Task brief.
Only the pictures are to be left out; return the rest of the data exactly as it stands.

Data block.
=== Begin Enclosure ===

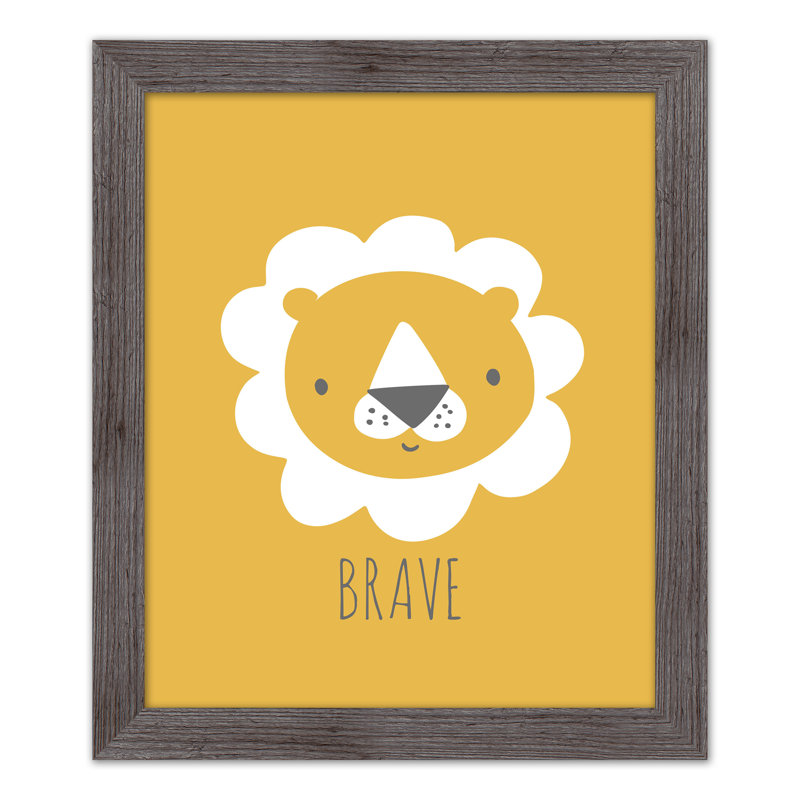 Art encadré courageux, H 24 po x l 20 po x P 0,75 po, Cadre gris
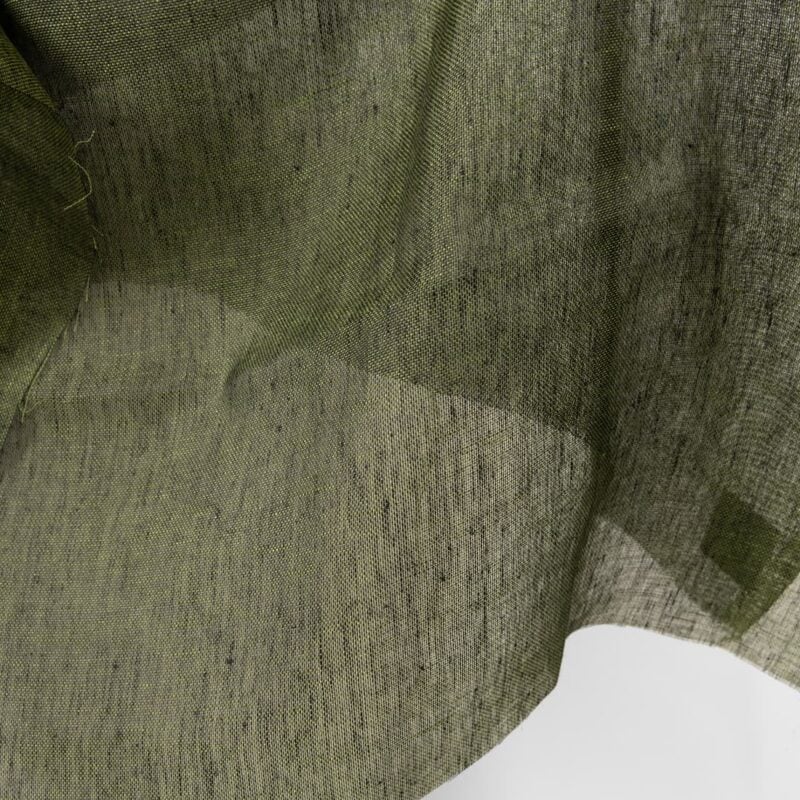 Linen fabric dark moss green colour transparent edge view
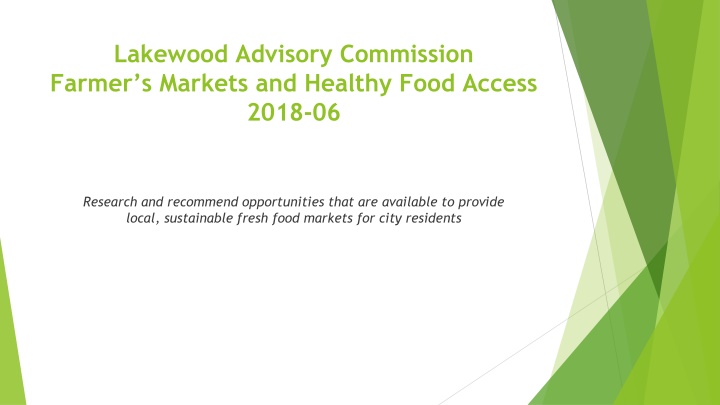 lakewood advisory commission farmer s markets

=== End Enclosure ===

Response.
 Art encadré courageux, H 24 po x l 20 po x P 0,75 po, Cadre gris
 Linen fabric dark moss green colour transparent edge view
 lakewood advisory commission farmer s markets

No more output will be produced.